START Exercise data

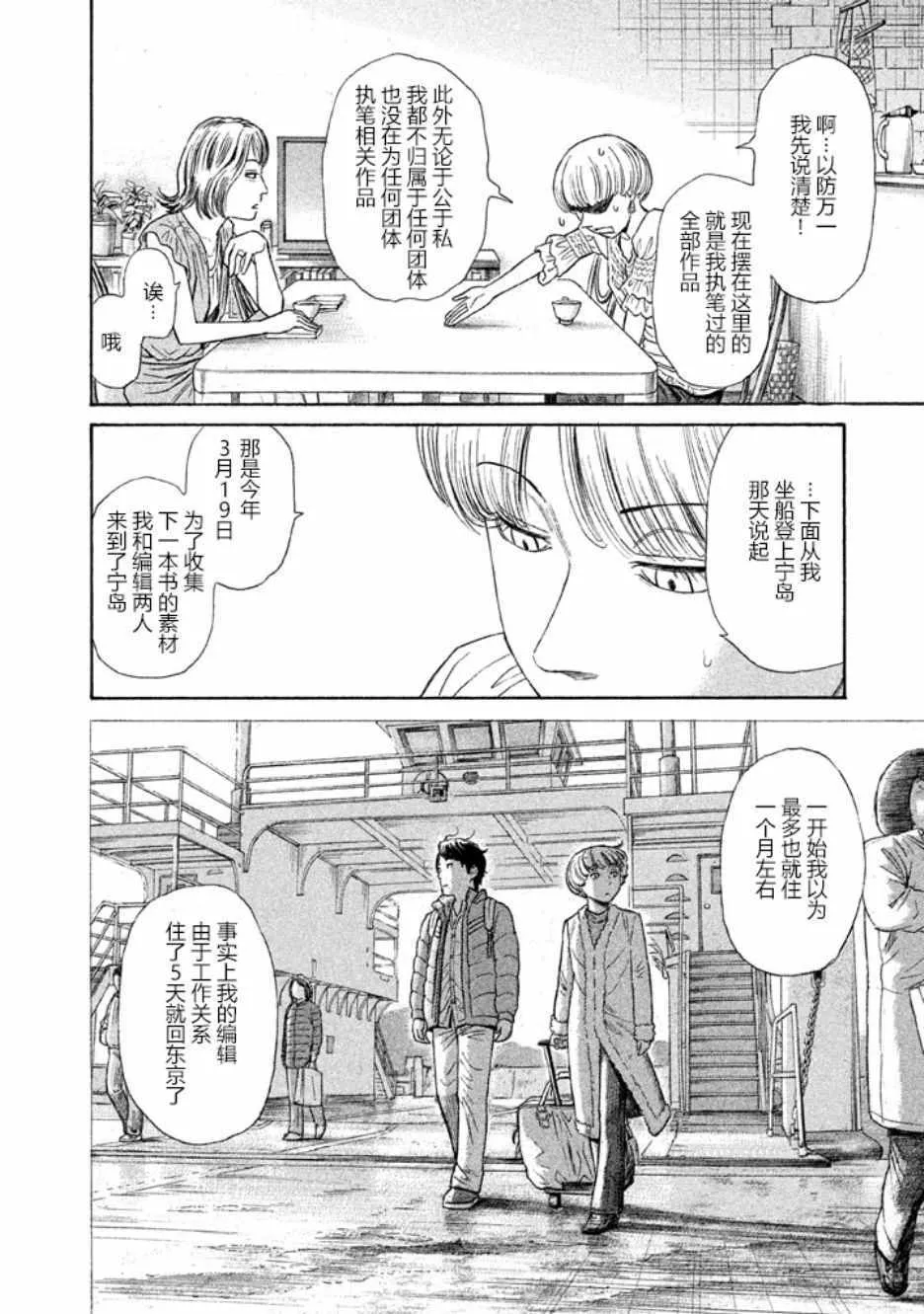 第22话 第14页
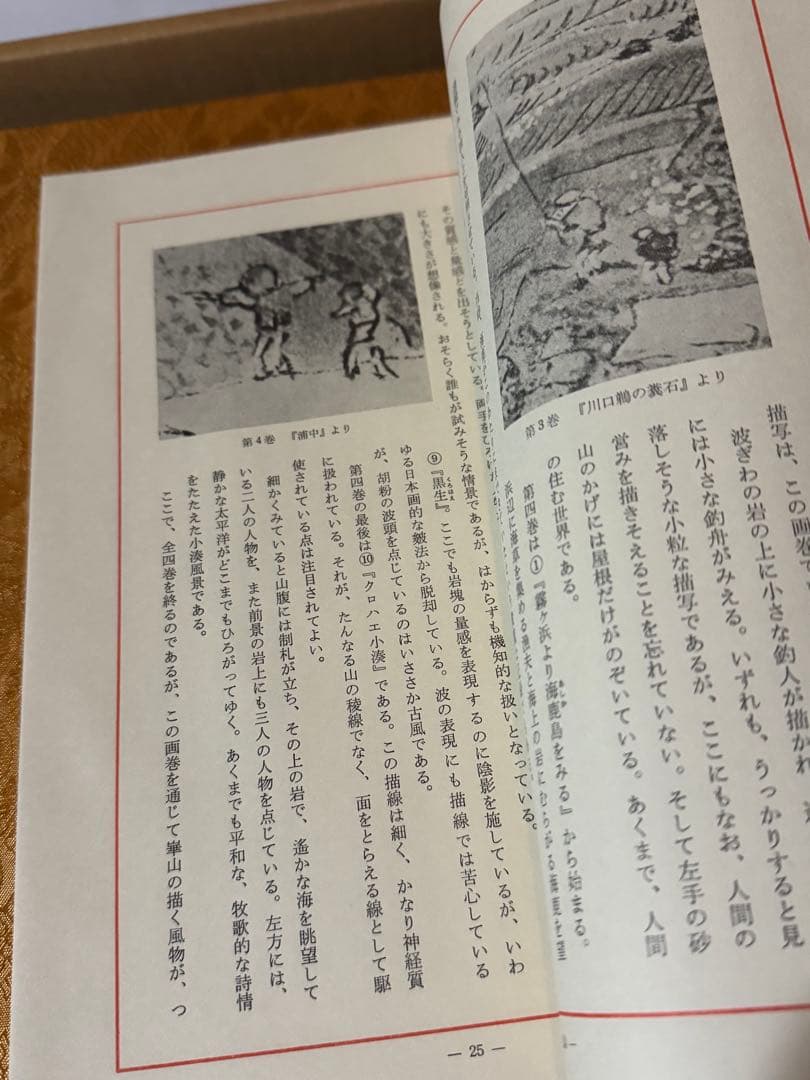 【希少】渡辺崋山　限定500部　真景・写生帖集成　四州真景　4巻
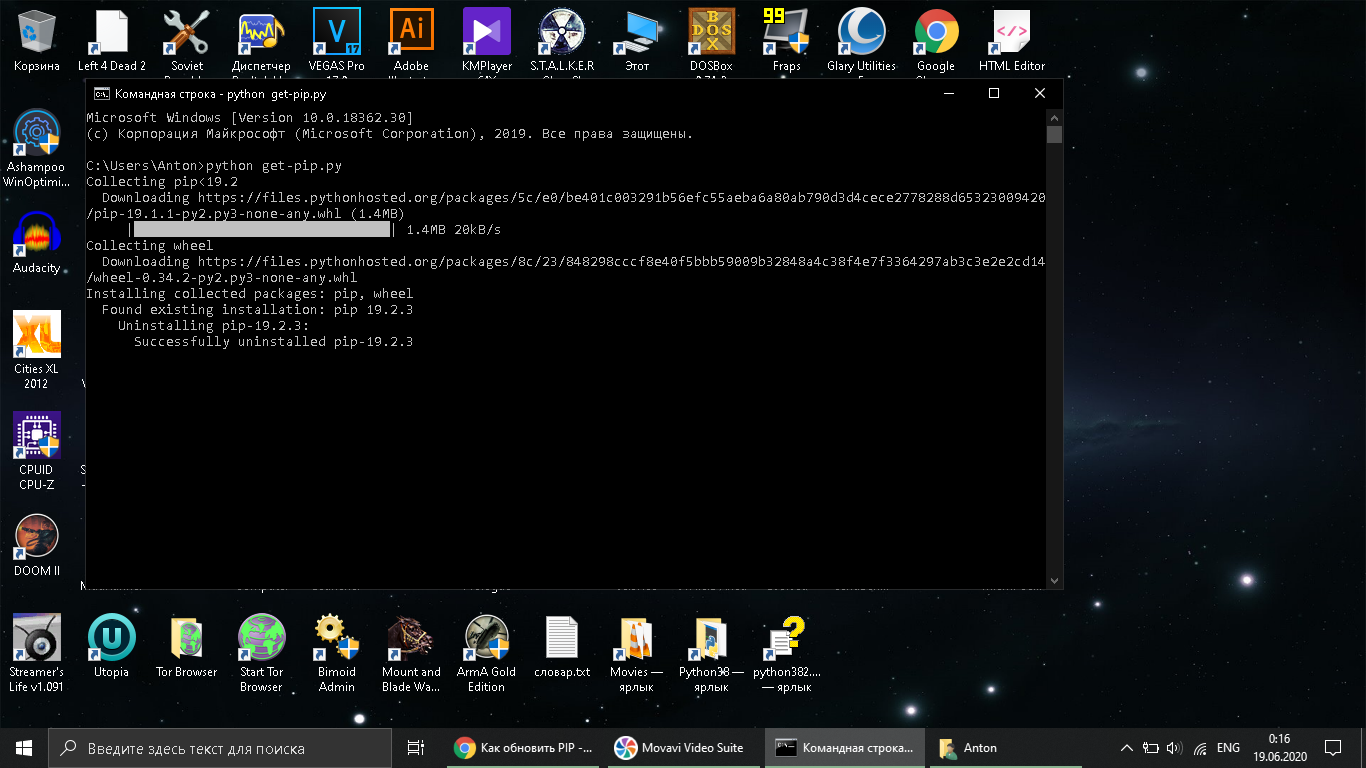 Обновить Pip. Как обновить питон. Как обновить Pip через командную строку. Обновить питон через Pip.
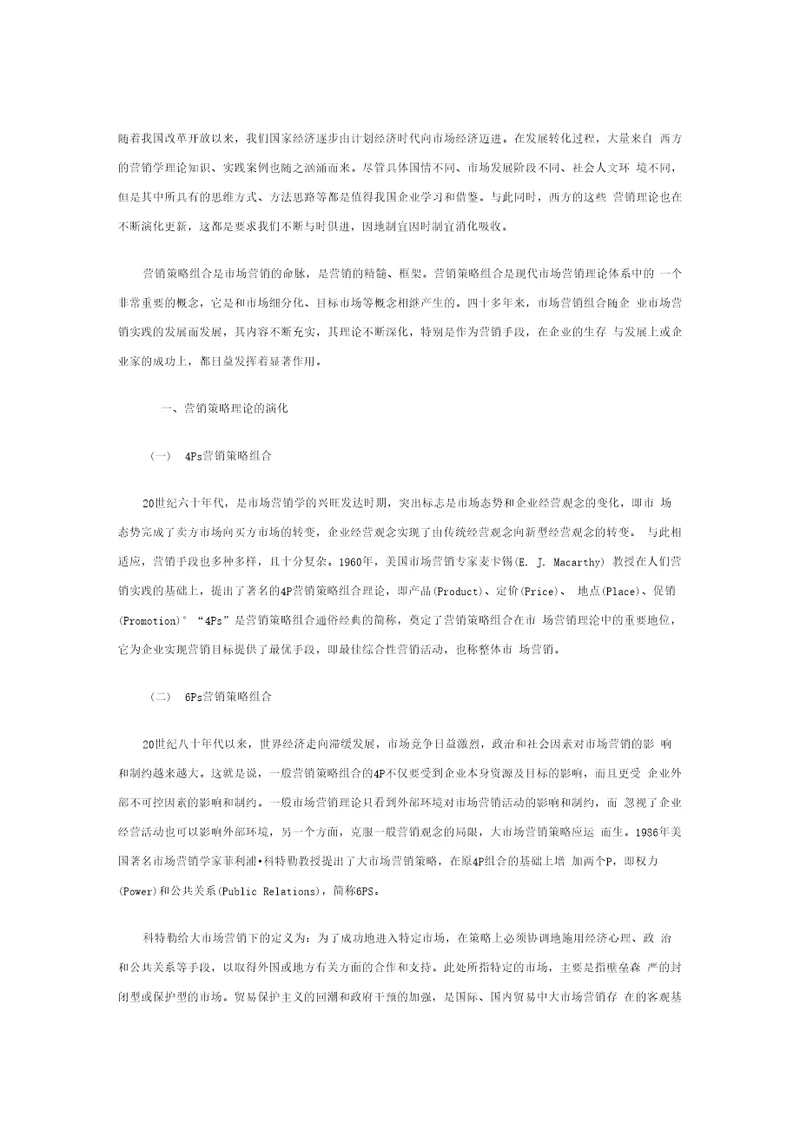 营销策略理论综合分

END Exercise data

▶ _Exercise_: Make an exact copy of the listing. Leave its pictures out.

▶ _Answer space_:
 第22话 第14页
 【希少】渡辺崋山　限定500部　真景・写生帖集成　四州真景　4巻
 Обновить Pip. Как обновить питон. Как обновить Pip через командную строку. Обновить питон через Pip.
 营销策略理论综合分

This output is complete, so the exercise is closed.